Rocky Balboa and Jake LaMotta represent extremes in the world of boxing, and the latter is far more representative than the former. No one who excels at boxing is a saint. The sport is the acme of personal achievement and failure. You alone bear the responsibility for your success or failure, which means you must harbor the dark urge to tenderize another person's face into hamburger. The worst we see from Rocky in the first film is his association with the loan shark (for whom he can't break so much as a finger). He's a punch-drunk prince of a man. It's lovely, and it makes us feel great about ourselves and the world around us, but it isn't boxing.

As portrayed by Scorsese and De Niro, LaMotta is the primal apotheosis of boxing. There's nothing sweet about his science. He's in it for the pain. The outcome doesn't matter. They say that fighters are motivated by fear in the ring.

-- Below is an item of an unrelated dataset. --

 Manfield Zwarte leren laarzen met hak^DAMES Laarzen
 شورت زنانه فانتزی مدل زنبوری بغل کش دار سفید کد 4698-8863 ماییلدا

As Sugar Ray Leonard told me in 2011, it's less the fear of losing than the fear of dying. LaMotta, however, doesn't know fear. He doesn't care if he lives or dies. He was placed on this earth to do violence, and that violence is in all of us. It's base and it's upsetting, but the purpose of throwing a punch is to inflict damage on your fellow human being. That's boxing. And the fact that I'm a fan places me much closer on the spectrum of decency to LaMotta than Balboa.